Task details ▸ Transcribe, without alteration, the line that includes "Ruth Brown In The 60s: Say It Again [Import]" and each line after it until the records end, omitting all that precede it.

Extracted information ▸
++++++

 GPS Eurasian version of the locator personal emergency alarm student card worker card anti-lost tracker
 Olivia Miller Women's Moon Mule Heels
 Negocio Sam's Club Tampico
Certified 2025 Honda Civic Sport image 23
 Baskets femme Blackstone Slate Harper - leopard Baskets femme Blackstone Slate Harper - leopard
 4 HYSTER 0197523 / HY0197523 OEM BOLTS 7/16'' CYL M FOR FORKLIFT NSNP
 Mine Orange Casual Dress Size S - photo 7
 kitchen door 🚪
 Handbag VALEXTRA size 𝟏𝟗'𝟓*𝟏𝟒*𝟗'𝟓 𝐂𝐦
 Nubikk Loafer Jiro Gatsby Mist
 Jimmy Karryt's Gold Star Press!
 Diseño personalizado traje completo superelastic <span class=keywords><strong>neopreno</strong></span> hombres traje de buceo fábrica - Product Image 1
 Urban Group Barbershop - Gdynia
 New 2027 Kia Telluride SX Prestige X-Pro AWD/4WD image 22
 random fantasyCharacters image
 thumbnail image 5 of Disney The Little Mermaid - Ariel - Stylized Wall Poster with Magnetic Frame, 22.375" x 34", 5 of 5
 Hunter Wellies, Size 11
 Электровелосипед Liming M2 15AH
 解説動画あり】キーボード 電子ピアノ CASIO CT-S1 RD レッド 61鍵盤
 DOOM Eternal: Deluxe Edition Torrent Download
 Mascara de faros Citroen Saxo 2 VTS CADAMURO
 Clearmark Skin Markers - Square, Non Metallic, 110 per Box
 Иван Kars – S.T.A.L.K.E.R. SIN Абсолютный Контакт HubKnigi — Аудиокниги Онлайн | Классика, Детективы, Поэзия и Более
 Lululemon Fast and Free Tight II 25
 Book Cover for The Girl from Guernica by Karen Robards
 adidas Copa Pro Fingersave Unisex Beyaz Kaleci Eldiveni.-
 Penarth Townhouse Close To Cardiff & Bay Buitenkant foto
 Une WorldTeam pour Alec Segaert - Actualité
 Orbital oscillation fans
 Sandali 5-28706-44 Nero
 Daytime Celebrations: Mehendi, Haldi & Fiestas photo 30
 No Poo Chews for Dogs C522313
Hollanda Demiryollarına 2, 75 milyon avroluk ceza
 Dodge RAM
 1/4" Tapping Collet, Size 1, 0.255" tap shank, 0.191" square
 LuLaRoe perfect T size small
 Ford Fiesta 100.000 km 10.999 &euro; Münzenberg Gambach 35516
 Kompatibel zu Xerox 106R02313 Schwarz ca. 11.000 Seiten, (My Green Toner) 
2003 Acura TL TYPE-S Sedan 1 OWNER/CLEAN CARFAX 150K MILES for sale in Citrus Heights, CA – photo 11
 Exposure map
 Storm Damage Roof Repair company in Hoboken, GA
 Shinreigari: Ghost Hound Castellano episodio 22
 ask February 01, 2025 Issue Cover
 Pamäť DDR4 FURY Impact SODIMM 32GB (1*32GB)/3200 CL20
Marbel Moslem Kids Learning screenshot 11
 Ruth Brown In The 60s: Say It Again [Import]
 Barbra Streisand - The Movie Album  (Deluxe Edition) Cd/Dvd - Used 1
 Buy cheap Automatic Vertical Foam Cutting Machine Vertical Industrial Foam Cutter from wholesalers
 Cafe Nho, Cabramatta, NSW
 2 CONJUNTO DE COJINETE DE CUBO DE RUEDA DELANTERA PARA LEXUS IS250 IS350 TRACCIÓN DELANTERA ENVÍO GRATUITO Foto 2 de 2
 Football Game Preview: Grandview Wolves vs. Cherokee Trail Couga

++++++

Solution to this exercise ▸
 Ruth Brown In The 60s: Say It Again [Import]
 Barbra Streisand - The Movie Album  (Deluxe Edition) Cd/Dvd - Used 1
 Buy cheap Automatic Vertical Foam Cutting Machine Vertical Industrial Foam Cutter from wholesalers
 Cafe Nho, Cabramatta, NSW
 2 CONJUNTO DE COJINETE DE CUBO DE RUEDA DELANTERA PARA LEXUS IS250 IS350 TRACCIÓN DELANTERA ENVÍO GRATUITO Foto 2 de 2
 Football Game Preview: Grandview Wolves vs. Cherokee Trail Couga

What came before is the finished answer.